Obviously I'm extrapolating a lot from fairly poor data, but hopefully it should be in the right ballpark, and enough for our discussion in any case. (I should also note that this isn't strictly a measure of power draw for the SMs themselves, but rather a measure of the draw of an entire Pascal GPU "per SM", so including other components like ROPs, TMUs, etc., assuming they're always in roughly the same proportion to SMs). In any case, here's the power curve:
The important thing to note is that, like virtually all IC power curves, it's not linear, and for a given increase in clock speed you require a much larger increase in power consumption to get you there.
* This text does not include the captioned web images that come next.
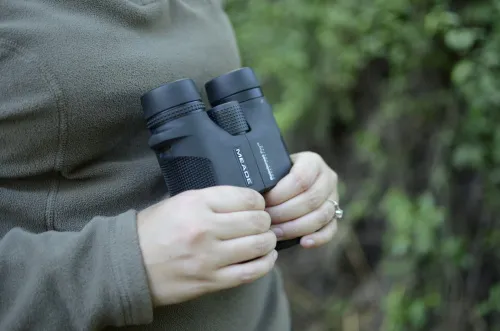 изображение бинокъл Meade Rainforest Pro 10x42,  3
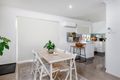 Property photo of 46/137 Progress Road Richlands QLD 4077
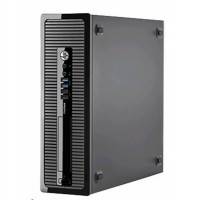 компьютер HP ProDesk 400 G1 L3E81EA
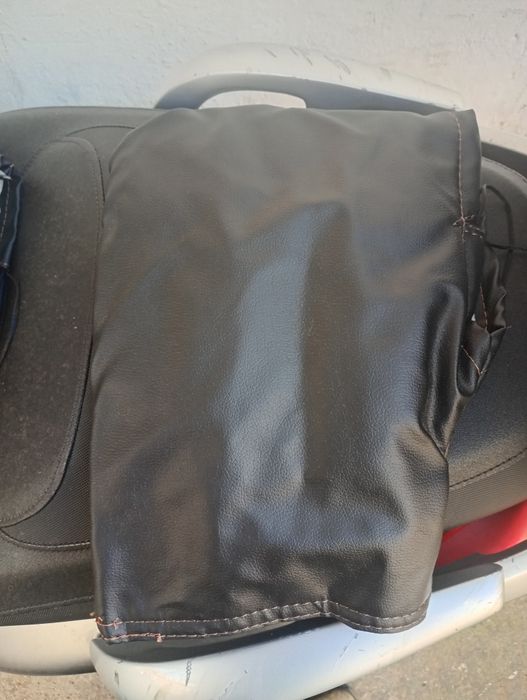 Mănuși de motociclete/bicicleta/scutere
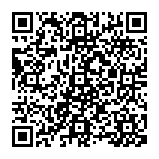 QR kód pro zobrazení obrazu v pokoji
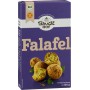 BAUCKHOF FARA GLUTEN PREMIX BIO FALAFEL, 160g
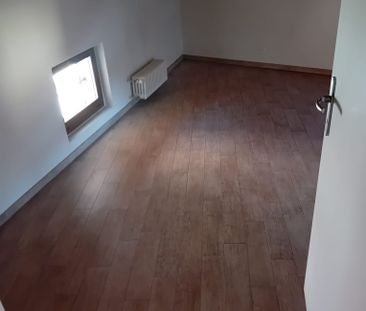 Rue du Château 8c, 1510, Moudon - Photo 1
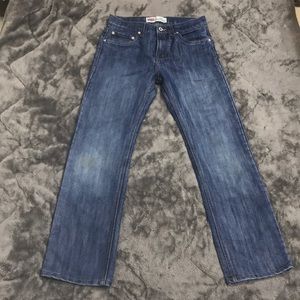 Levi’s size 16 boys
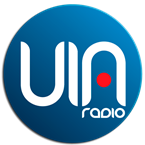 VÍA RADIO GALICIA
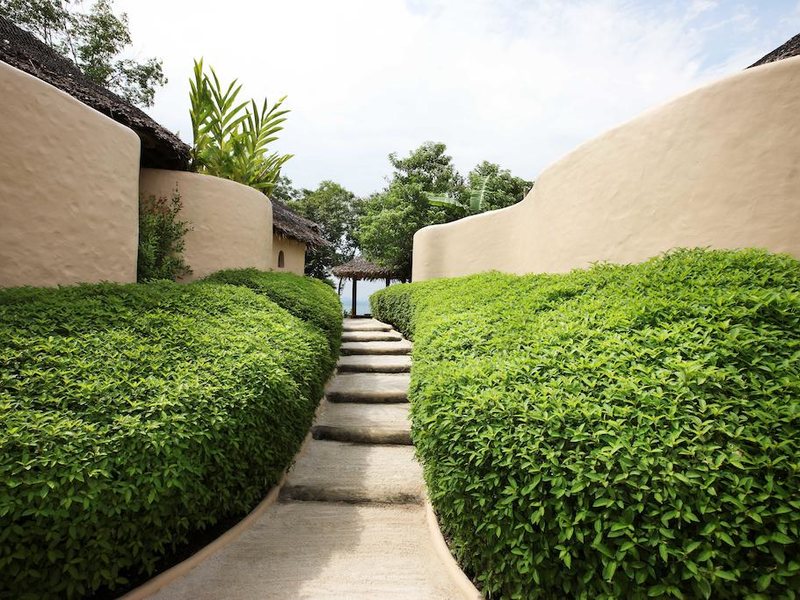 The Naka Island, A Luxury Collection Resort & Spa Phuket 211997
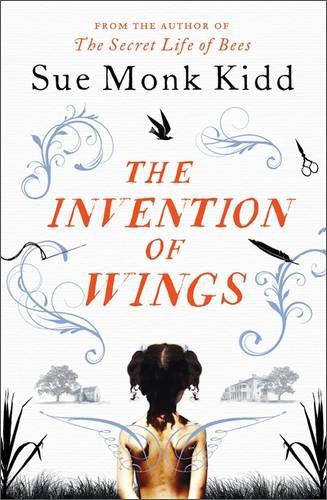 TheInventionofWings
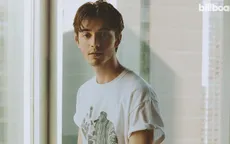 “Thần đồng âm nhạc” Greyson Chance sẽ đến Việt Nam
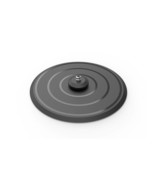 Heckler T222 WINDFALL KIT PIVOT TABLE STD - €35,28 EUR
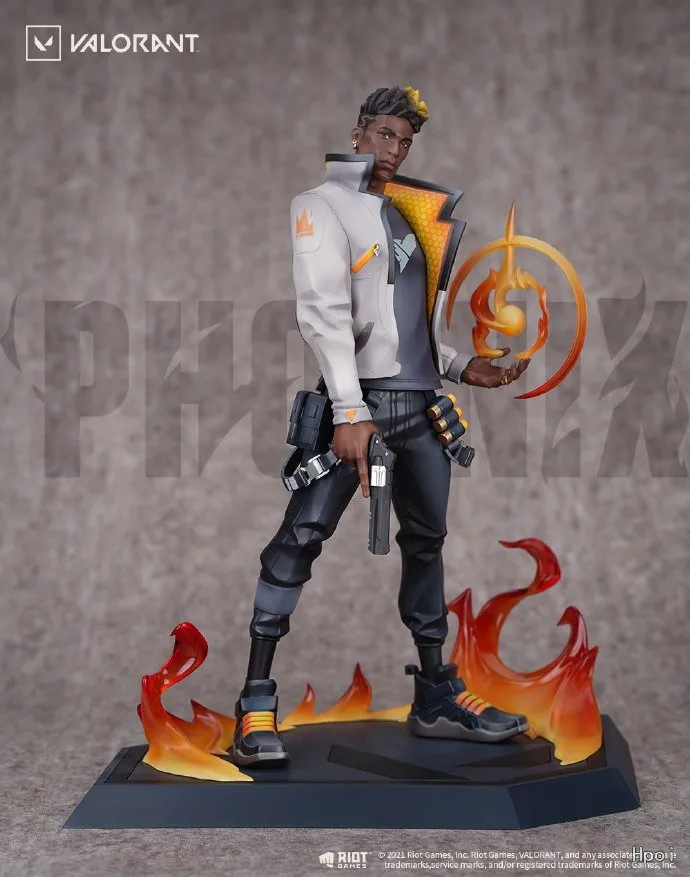 S3322767d99474944a7653b6514666348Y - Valorant UK Shop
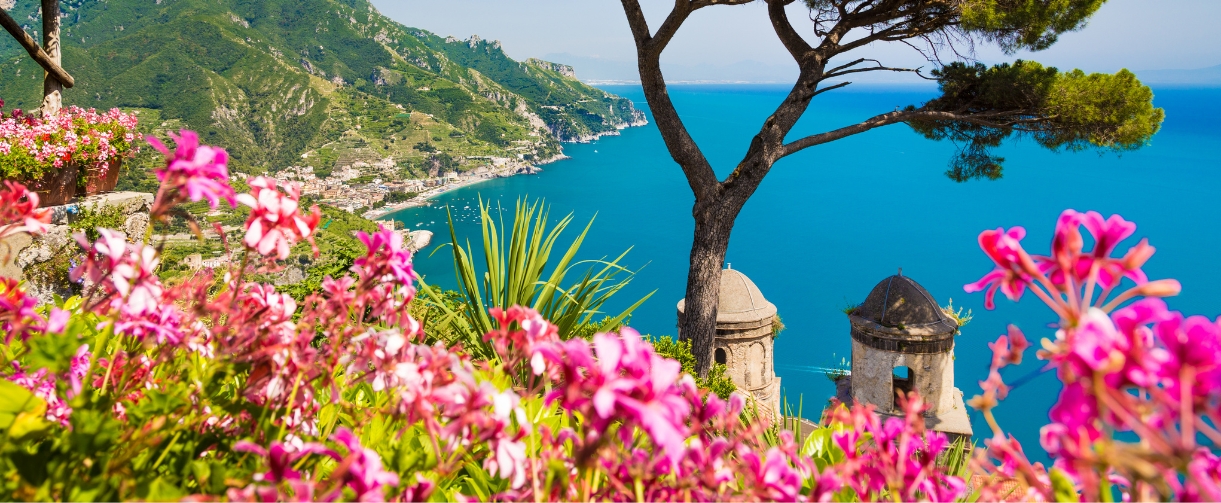Ravello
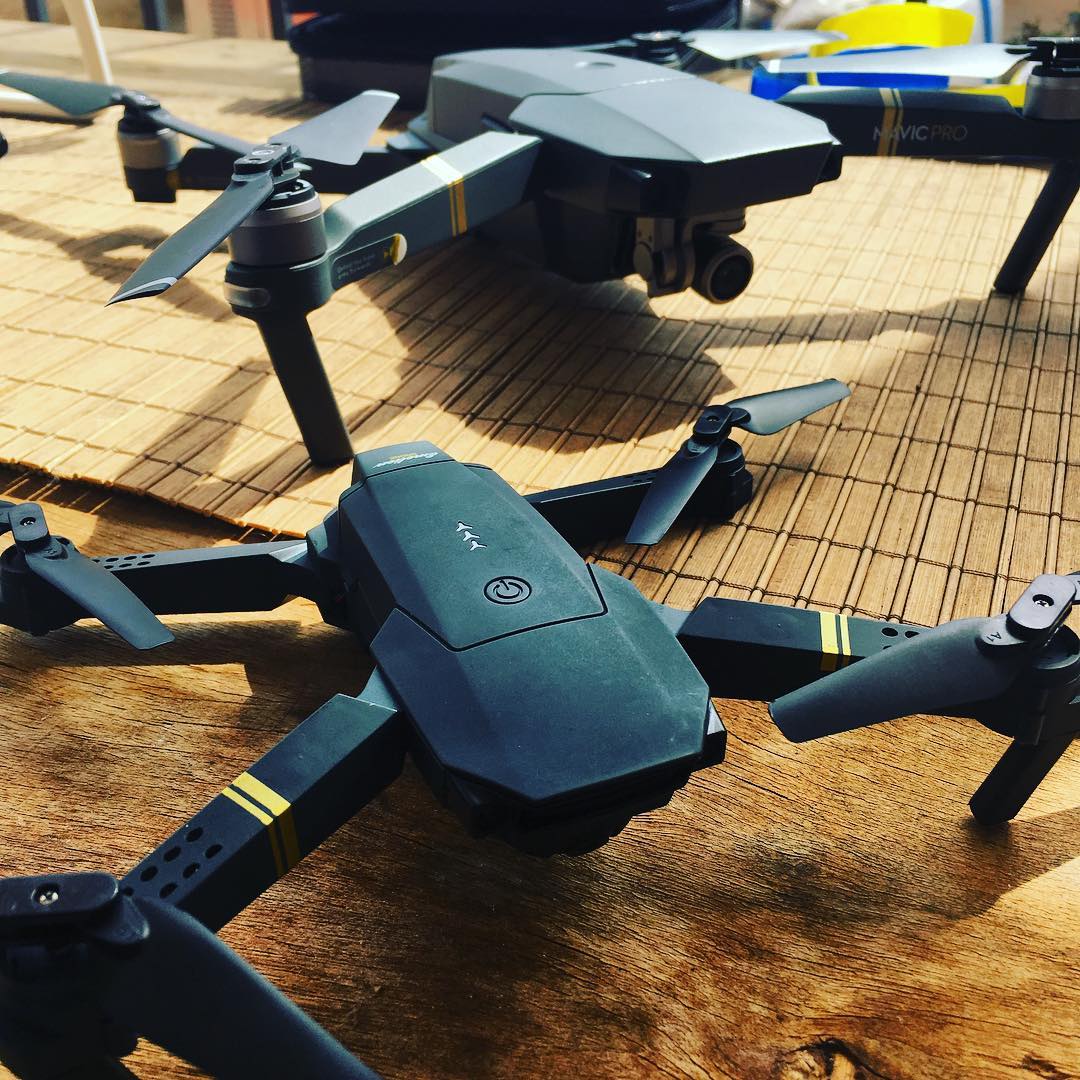 Eachine_store's tweet photo. Eachine E58
Are you ready for it? https://t.co/Rr4dvhxC7F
What this means is that you'll get better performance by using more SMs at a lower clock speed than fewer SMs at a higher clock speed.
Let's look at the clock speed (and raw floating point performance) that could be achieved with different numbers of SMs within the power constrains we might expect for a handheld GPU:
1x SM:
1000 mW - 780 MHz - 200 Gflops FP32 - 400 Gflops FP16
1500 mW - 915 MHz - 234 Gflops FP32 - 468 Gflops FP16
2000 mW - 1025 MHz - 262 Gflops FP32 - 525 Gflops FP16
2x SM:
1000 mW - 595 MHz - 305 Gflops FP32 - 609 Gflops FP16
1500 mW - 700 MHz - 358 Gflops FP32 - 717 Gflops FP16
2000 mW - 780 MHz - 400 Gflops FP32 - 800 Gflops FP16
3x SM:
1000 mW - 510 MHz - 392 Gflops FP32 - 783 Gflops FP16
1500 mW - 600 MHz - 461 Gflops FP32 - 922 Gflops FP16
2000 mW - 670 MHz - 515 Gflops FP32 - 1030 Gflops FP16
As you can see, a 3x SM configuration can achieve nearly the same performance with 1000mW that a 2x SM configuration can with twice that, and a full 50% more than a 1x SM config can manage with 2000mW at hand.
This isn't to say that I expect a 3x SM GPU in the NX, but there would certainly be a sizeable performance jump over 2x SMs if they decided to do so.